Comment 7 shishir gowda 2013-07-24 07:00:19 UTC
Please dump the linkto xattrs as text.

Comment 8 senaik 2013-07-24 07:21:00 UTC
dht.linkto value is same across all the missing files 

Below is the text format :
trusted.glusterfs.dht.linkto=Vol4-replicate-2

Comment 9 shishir gowda 2013-07-24 10:00:39 UTC
Would a unmount and remount make the files visible again?

Comment 10 senaik 2013-07-26 09:27:39 UTC
Shishir , 
I tried to unmount and remount the volume , files were still not visible .

Comment 11 Amar Tumballi 2013-07-30 11:54:13 UTC
With rebalance (or remove-brick start) operation in progress and one doing a 'rename' (ie, mv command) operations on the files getting rebalanced, we have certain race conditions which are causing this particular bug.

This bug existed from day0 of rebalance process, and is not a regression. Development needs time to find out the root cause of this, and then take appropriate action. Hence requesting to take down the 'blocker' flag (please set it back if this comment is not sufficient to agree).
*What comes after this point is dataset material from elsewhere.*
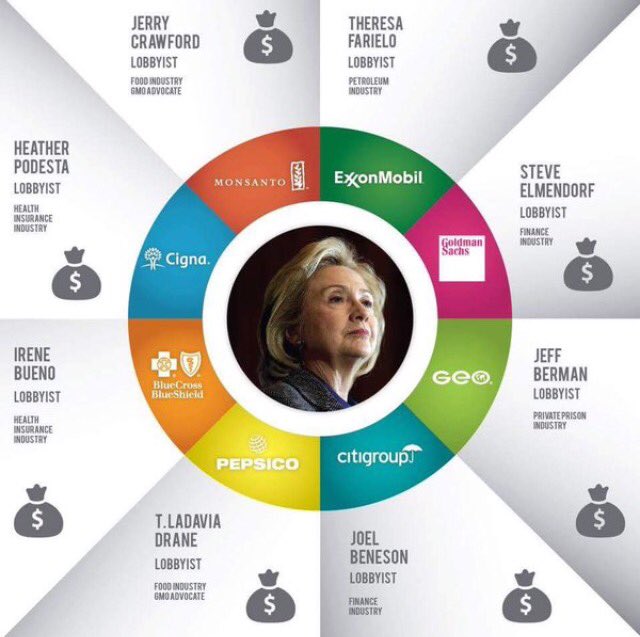 SociallySherri's tweet photo. They should put Hillary's sponsors' logos on her podium to let people know who owns her #debatenight https://t.co/dU4bSMVHs0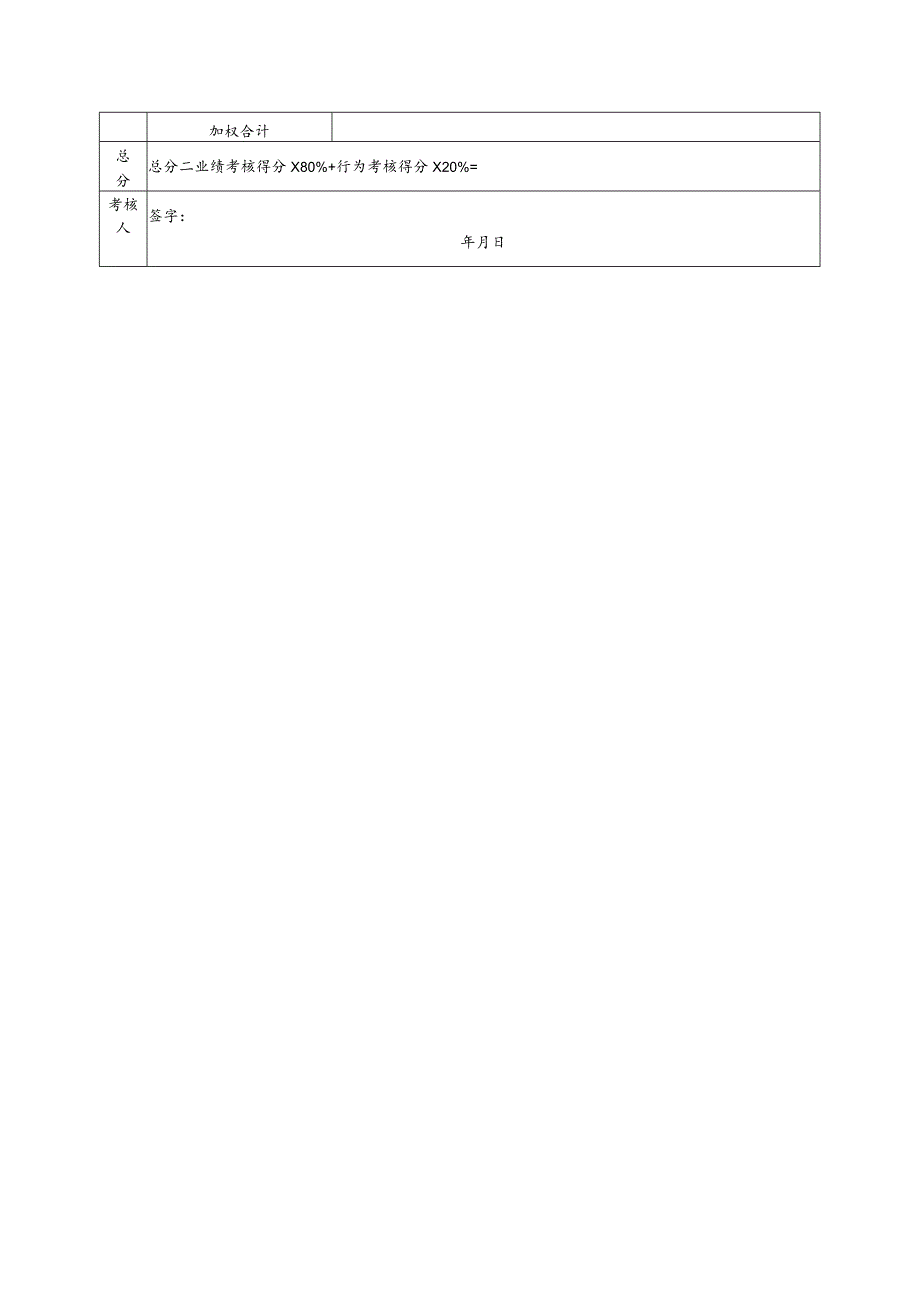 制造生产型企业中层管理行政部经理考核评分表（月度）.docx_第3页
Comment 12 Nagaprasad Sathyanarayana 2014-05-27 12:33:51 UTC
Question: How to stop the re-balance process totally.
Ans:
[Raghavendra G]
Currently we start rebalance process automatically only on execution of remove-brick. Otherwise it has to be started manually. So, we don't have to do anything explicitly to "stop" rebalance process if we've not started it ourselves.

If there is a rebalance process already running, we can use:
# gluster volume rebalance <VOLNAME> [force] stop

And the usage format for rebalance command is:
[root@unused src]# gluster volume  rebalance
Usage: volume rebalance <VOLNAME> {{fix-layout start} | {start [force]|stop|status}}